DNA checks to be conducted again on 2 Ayutthaya elephants
THE WILDLIFE suppression task force and elephant owners had a brief confrontation yesterday at the famed and privately run royal kraal in Ayutthaya, before the owners agreed to allow the officials to inspect two animals that were confiscated previously by the Phaya Sua task force but reportedly taken away without any notice.
Owners at the Ayutthaya Elephant Palace and Royal Kraal set up a temporary checkpoint in front of the kraal yesterday to block officials from entering the site to look for two tuskers reportedly brought here earlier.
The domesticated elephants had been confiscated from an animal show venue in Hua Hin by the task force in the middle of the year, but left at the show for further examination.
Chaiwat Limlikhit-aksorn, chief of the taskforce from the Parks Department, learned that the two elephants had been moved to the kraal last week after he led the team to revisit the Hua Hin site to inspect the elephants.

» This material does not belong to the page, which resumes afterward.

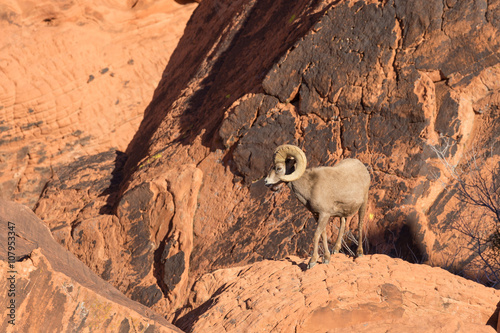 Tapeta ścienna Baranek owiec pustyni bighorn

Chaiwat, who was accompanied by National Parks deputy chief Adisorn Nuchdamrong, said that during talks Phaya Sua had with the owners to confiscate the two elephants at the Hua Hin venue, it had found irregularities in documents to verify the elephants’ origin. They wanted to do further checks via DNA tests, but as the team found the elephants missing from the venue, they had to search for the two animals, as they were still responsible for them.
The elephant owners were not happy that Chaiwat had given interviews about “irregularities” related to the elephants, suggesting that the kraal may have had something to do with it. Chaiwat said he had not meant to infer impropriety, but just said the origin of the elephants was irregular and needed further checking.
The department earlier conducted DNA checks on one beast, TG, and his mother and the result was apparently positive, he said. However, they were still awaiting the result on the other elephant and there should not be a problem, Chaiwat said.
Both sides agreed yesterday to do DNA checks on both elephants again to verify the result. They signed a memorandum of understanding to resolve their conflict.
Tortoises stolen from Bang Phra
Adisorn said the department’s DNA checks on all domesticated elephants were the result of Article 44 being issued a few months ago as part of the government’s effort to suppress illegal smuggling of wild elephants for their parts and babies and illegal elephant “swapping”. Owners failing to prove the origin of their elephants would see their animals seized.
Adisorn said the department had done checks on more than 2,000 elephants, and only around 1,000 were left to be checked. The verification effort on the animals’ origins this time would help set a new standard for the country’s elephants, he said.
Laithongrian Meephan, the kraal’s owner, said the venue was a victim of public blame every time there was bad news about domesticated elephants. The kraal was ready to cooperate with the officials after talks and it saw this as an opportunity to prove that, he said.
Meanwhile, confiscated tortoises have been stolen for a second time from Bang Phra Wildlife Domestic Research Station, leaving police with a headache.
Three radiated tortoises and 62 Indian star tortoises, worth Bt300,000, went missing from the centre on Saturday, and closed-circuit television showed at least two smugglers had sneaked into the station and stolen them.
The more precious Madagascar tortoises – 72 of them worth Bt3 million – went missing in June, and the police have yet to arrest anyone for that offence. They vowed to arrest the thieves as soon as possible.